EXERCISE> Set down each line from the start of the material exactly, please, up to and including the one that contains "Creepshots of some".

EXERCISE INPUTS>
━━━━━━━━━━━━━━━━

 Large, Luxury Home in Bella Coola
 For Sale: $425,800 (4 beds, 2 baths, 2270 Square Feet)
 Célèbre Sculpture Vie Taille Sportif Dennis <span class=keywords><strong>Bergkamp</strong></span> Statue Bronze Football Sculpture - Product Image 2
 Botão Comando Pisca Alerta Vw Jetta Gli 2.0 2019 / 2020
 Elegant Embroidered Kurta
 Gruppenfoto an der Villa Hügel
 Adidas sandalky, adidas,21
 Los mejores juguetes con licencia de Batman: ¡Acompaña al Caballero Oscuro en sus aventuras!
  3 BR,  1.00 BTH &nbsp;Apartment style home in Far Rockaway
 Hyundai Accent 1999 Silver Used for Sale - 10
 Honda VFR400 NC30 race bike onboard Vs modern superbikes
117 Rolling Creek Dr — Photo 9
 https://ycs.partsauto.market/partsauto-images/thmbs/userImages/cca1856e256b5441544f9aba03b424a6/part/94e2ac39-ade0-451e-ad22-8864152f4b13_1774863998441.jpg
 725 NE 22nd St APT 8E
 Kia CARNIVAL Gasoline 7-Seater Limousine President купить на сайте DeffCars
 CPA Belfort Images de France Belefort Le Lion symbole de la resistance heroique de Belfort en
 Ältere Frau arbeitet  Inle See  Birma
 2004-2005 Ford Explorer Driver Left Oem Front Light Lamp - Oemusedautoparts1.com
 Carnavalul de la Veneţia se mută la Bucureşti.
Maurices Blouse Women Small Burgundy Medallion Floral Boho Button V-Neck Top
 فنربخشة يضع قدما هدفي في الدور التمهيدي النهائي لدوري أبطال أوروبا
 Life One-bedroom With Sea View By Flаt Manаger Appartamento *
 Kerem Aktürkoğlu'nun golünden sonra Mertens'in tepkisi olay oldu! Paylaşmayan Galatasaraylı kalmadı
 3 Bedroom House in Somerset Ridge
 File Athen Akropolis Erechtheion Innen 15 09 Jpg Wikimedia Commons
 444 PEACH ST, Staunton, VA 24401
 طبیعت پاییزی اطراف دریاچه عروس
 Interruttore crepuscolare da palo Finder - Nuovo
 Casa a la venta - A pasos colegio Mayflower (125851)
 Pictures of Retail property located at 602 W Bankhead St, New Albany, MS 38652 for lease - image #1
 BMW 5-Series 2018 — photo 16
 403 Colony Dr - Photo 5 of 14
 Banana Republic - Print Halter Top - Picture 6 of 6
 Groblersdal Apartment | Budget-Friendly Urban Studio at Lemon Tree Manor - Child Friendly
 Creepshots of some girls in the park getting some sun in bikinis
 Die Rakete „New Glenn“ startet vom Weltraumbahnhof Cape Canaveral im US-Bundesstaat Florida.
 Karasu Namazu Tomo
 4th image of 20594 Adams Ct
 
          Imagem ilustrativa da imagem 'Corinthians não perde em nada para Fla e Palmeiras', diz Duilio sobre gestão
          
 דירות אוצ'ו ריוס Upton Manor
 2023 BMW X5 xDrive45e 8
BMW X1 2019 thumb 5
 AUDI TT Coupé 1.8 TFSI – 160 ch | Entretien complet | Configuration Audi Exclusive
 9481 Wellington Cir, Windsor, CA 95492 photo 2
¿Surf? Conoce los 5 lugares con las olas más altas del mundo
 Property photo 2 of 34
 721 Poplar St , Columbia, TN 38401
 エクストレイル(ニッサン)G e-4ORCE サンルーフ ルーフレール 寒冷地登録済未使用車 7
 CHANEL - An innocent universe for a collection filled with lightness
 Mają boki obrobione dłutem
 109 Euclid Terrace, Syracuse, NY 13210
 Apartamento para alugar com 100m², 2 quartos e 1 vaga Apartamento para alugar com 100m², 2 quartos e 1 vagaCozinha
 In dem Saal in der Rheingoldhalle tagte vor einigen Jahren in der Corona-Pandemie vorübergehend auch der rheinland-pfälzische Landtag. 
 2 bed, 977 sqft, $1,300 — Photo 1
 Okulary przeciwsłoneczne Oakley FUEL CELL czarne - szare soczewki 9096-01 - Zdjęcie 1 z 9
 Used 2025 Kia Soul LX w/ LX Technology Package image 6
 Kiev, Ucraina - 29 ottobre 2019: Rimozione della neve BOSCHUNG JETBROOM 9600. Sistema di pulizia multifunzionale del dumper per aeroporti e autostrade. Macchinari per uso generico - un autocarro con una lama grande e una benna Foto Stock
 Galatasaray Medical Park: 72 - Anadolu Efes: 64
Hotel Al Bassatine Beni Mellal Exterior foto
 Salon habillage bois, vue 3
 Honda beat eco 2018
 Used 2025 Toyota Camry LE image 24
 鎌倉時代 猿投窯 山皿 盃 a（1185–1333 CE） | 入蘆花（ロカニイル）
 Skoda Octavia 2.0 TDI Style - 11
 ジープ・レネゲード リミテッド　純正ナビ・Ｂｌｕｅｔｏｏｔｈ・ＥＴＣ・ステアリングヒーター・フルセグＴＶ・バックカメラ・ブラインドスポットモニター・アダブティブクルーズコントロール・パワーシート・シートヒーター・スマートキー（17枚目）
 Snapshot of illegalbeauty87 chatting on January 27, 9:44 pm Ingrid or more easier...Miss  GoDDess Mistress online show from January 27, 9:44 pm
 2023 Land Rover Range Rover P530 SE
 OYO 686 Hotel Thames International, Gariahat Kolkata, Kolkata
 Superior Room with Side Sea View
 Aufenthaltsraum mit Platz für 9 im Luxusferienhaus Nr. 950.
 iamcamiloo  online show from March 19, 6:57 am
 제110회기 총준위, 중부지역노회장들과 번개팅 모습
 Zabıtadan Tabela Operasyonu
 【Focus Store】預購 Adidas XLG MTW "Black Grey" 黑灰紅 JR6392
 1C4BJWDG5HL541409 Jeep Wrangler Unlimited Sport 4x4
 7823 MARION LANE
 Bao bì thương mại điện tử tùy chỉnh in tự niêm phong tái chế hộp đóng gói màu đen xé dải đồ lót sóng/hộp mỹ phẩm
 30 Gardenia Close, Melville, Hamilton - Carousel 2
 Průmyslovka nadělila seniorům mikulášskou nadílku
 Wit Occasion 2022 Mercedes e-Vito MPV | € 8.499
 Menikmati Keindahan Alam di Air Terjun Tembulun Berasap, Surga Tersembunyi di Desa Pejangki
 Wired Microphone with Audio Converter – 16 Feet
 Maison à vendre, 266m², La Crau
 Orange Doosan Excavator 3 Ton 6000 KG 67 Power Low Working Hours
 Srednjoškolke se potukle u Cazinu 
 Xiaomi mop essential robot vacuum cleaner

━━━━━━━━━━━━━━━━

SOLUTION FOR THIS PROBLEM>
 Large, Luxury Home in Bella Coola
 For Sale: $425,800 (4 beds, 2 baths, 2270 Square Feet)
 Célèbre Sculpture Vie Taille Sportif Dennis <span class=keywords><strong>Bergkamp</strong></span> Statue Bronze Football Sculpture - Product Image 2
 Botão Comando Pisca Alerta Vw Jetta Gli 2.0 2019 / 2020
 Elegant Embroidered Kurta
 Gruppenfoto an der Villa Hügel
 Adidas sandalky, adidas,21
 Los mejores juguetes con licencia de Batman: ¡Acompaña al Caballero Oscuro en sus aventuras!
  3 BR,  1.00 BTH &nbsp;Apartment style home in Far Rockaway
 Hyundai Accent 1999 Silver Used for Sale - 10
 Honda VFR400 NC30 race bike onboard Vs modern superbikes
117 Rolling Creek Dr — Photo 9
 https://ycs.partsauto.market/partsauto-images/thmbs/userImages/cca1856e256b5441544f9aba03b424a6/part/94e2ac39-ade0-451e-ad22-8864152f4b13_1774863998441.jpg
 725 NE 22nd St APT 8E
 Kia CARNIVAL Gasoline 7-Seater Limousine President купить на сайте DeffCars
 CPA Belfort Images de France Belefort Le Lion symbole de la resistance heroique de Belfort en
 Ältere Frau arbeitet  Inle See  Birma
 2004-2005 Ford Explorer Driver Left Oem Front Light Lamp - Oemusedautoparts1.com
 Carnavalul de la Veneţia se mută la Bucureşti.
Maurices Blouse Women Small Burgundy Medallion Floral Boho Button V-Neck Top
 فنربخشة يضع قدما هدفي في الدور التمهيدي النهائي لدوري أبطال أوروبا
 Life One-bedroom With Sea View By Flаt Manаger Appartamento *
 Kerem Aktürkoğlu'nun golünden sonra Mertens'in tepkisi olay oldu! Paylaşmayan Galatasaraylı kalmadı
 3 Bedroom House in Somerset Ridge
 File Athen Akropolis Erechtheion Innen 15 09 Jpg Wikimedia Commons
 444 PEACH ST, Staunton, VA 24401
 طبیعت پاییزی اطراف دریاچه عروس
 Interruttore crepuscolare da palo Finder - Nuovo
 Casa a la venta - A pasos colegio Mayflower (125851)
 Pictures of Retail property located at 602 W Bankhead St, New Albany, MS 38652 for lease - image #1
 BMW 5-Series 2018 — photo 16
 403 Colony Dr - Photo 5 of 14
 Banana Republic - Print Halter Top - Picture 6 of 6
 Groblersdal Apartment | Budget-Friendly Urban Studio at Lemon Tree Manor - Child Friendly
 Creepshots of some girls in the park getting some sun in bikinis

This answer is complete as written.